It's hard for me to tell, but it sounds like you want to automatically detect the mammograms where the outline is incorrect. I'm assuming the desired outline is the perimeter of some convex region in the image.
I'm not sure whether clustering is going to be the ideal approach here. The first approach that comes to mind for me is something like this: we might want to build a classifier $C$ that accepts an image $I$ and a point $(x,y)$ as input and outputs either 0 or 1 according to whether $(x,y)$ is considered inside the region. As features, you might include at least the following:
the grayscale intensity of $I(x,y)$, i.e., the darkness of the pixel at location $(x,y)$ in $I$.
the grayscale intensity of the neighborhood of $(x,y)$ in $I$. This could be computed as the intensity of $I'(x,y)$, where $I'$ is the result of applying a Gaussian blur to $I$.
for each line $\ell$ that's part of the outline you were given for $I$, the value of $f(\ell,(x,y))$, where you define $f(\ell,(x,y))$ to be $1$ or $0$ depending on which side of $\ell$ the point $(x,y)$ is on. For uniformity, you might choose a common orientation where one side of $\ell$ is towards the "inside" of the convex region given by the outline, and then let $f(\ell,(x,y))=1$ if $(x,y)$ is on that side of $\ell$ and let it be $0$ if $(x,y)$ is on the opposite side.

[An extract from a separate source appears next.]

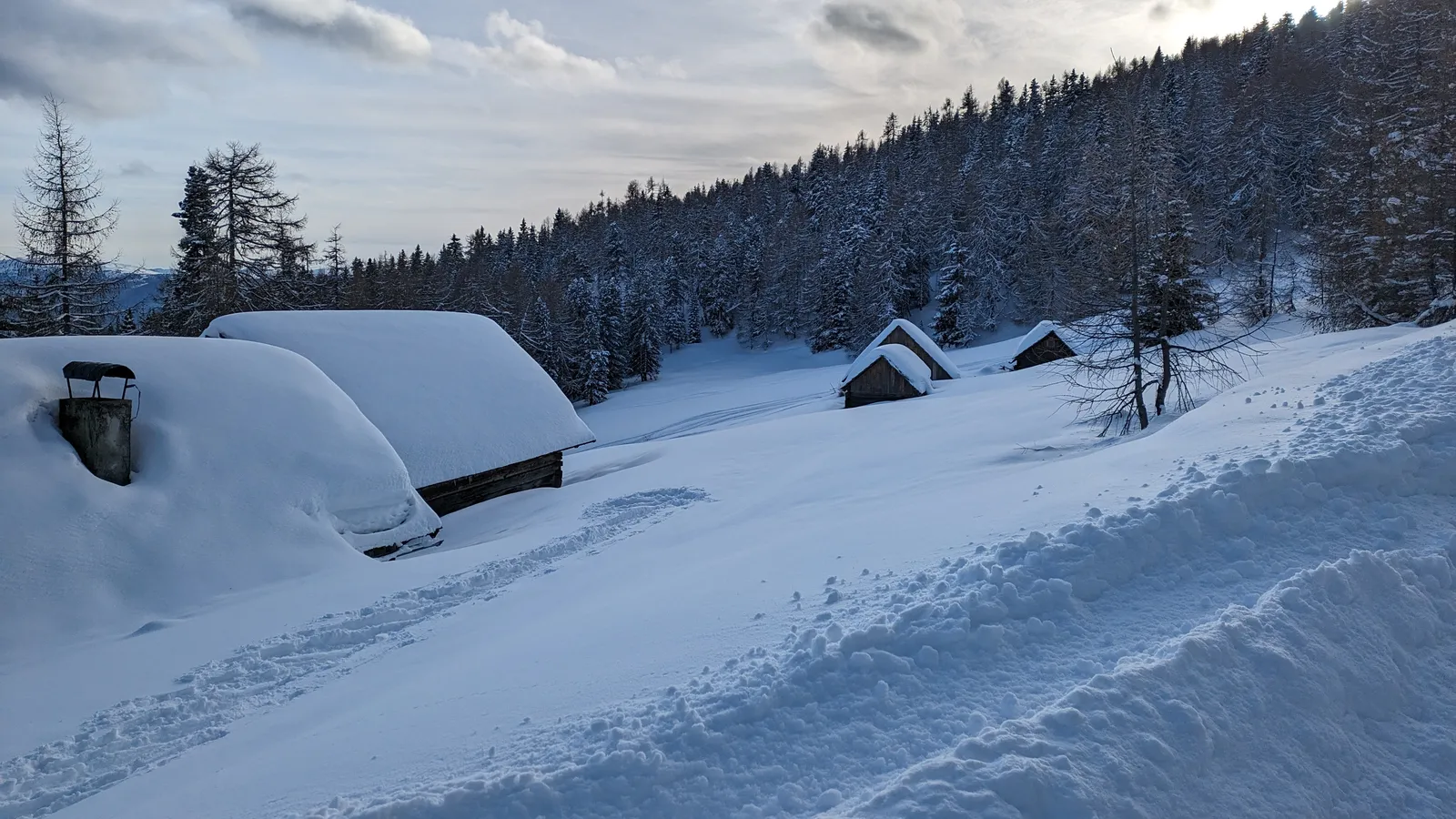 Small huts partly buried in deep snow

for each line $\ell'$ that's part of the edges you detected by applying an edge detector to $I$, the value of $f(\ell,(x,y))$.
Given these features, or some other suitable features of your choice, you might try to build a classifier $C$ by training on thousands of mammograms where you have ground truth (where you know what the correct outline is); for each such mammogram image $I$, you might pick a few hundred points $(x,y)$ at random, and then train on the resulting hundreds of thousands of inputs to $C$. Since you know ground truth, you'll know what the desired/correct value for $C(I,(x,y))$ is, so you can apply supervised learning to try to infer a classifier $C$.
Once you've built a classifier $C$, you might then apply it to every new mammogram in your test set to try to infer the correct outline.
I don't know whether this will be effective in practice, nor whether it solves the problem you want to solve, but this is the first thing that springs to mind for me.